There is one main road: the National Highway, a 3.5m-wide stretch of tarmac that winds its way up and down mountains, across clattering bridges, along the side of cliffs and over high mountain passes. Rivers, mudflows and rockfalls present continual hazards, especially when it rains. The road can easily become blocked due to snow or landslides and can take anywhere from an hour to several days to clear. Take plenty of reading material.
Unless you want to walk, the only way to travel between towns in the south of Bhutan is via India, because there are no roads. Currently this is impractical for foreigners since the only road entry point that foreigners are allowed to use is Phuentsholing.
Tour operators use Japanese-made buses, minivans and cars, depending on the size of the group. These vehicles can take you almost anywhere in the country, but for trips to central and eastern Bhutan during winter (December to February) or the monsoon (June to September) a 4WD vehicle is an advantage, and often a necessity.
If you are travelling on a tourist visa, the cost of all transport is included in the price of your trip and you’ll have a vehicle available for both short- and long-distance travel. You’ll only have to rely on public transport if you are an Indian national or if you are working with a project that does not provide you with a vehicle.
Most people pay for a ride, either in a bus or cab or back of a truck.
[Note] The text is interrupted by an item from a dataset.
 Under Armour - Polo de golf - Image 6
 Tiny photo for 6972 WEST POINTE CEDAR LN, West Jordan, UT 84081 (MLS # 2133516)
But bus services are limited, especially in the east, and it’s not unusual to see someone flagging down a vehicle asking for a ride. If you have paid for a vehicle, you will only need to hitch if that vehicle has broken down and you are stranded on a mountain road. Hitching is never entirely safe in any country in the world, and we don’t recommend it, but if you do have to hitch because of a breakdown, Bhutan is about as safe a place as you could find.
Public buses are crowded and rattly, and Bhutan’s winding roads make them doubly uncomfortable. The government’s Bhutan Post Express (02-322381), Dawa Transport (02-324250) and plenty of other companies operate minibuses and so many passengers suffer from motion sickness that these have earned the nickname ‘vomit comets’. Some private operators, including Leksol Bus Service (02-325232) and Karma Transport (02-332412), use more comfortable Toyota Coasters at about 50% more than the minibus fare. In eastern Bhutan you might arrive at the bus stop to discover that your bus is actually a truck with seats in the back!
Since all transport is provided by tour operators, you normally do not have to concern yourself with driving. If for some reason you are arranging your own transport, you are still far better off using the services of a hired car and driver or a taxi. Driving in Bhutan is a harrowing experience. Roads are narrow and trucks roar around hairpin bends, appearing suddenly and forcing oncoming vehicles to the side. Because most roads are only about 3.5m wide, passing any oncoming vehicle involves one, or both, moving onto the verge.
If you don’t already have one at your disposal, the best way to hire a car is through a tour company. It’s unlikely that you’ll find a motorcycle for rent; however, you can join an organised motorcycle tour.
Some travellers have ridden mountain bikes in Bhutan, and DOT (Department of Tourism) are promoting this kind of travel. Good routes include the upper parts of the Paro and Thimphu valleys. For a wild ride, get dropped off at the top of the Cheli La, above Paro, and ride 35km nonstop downhill.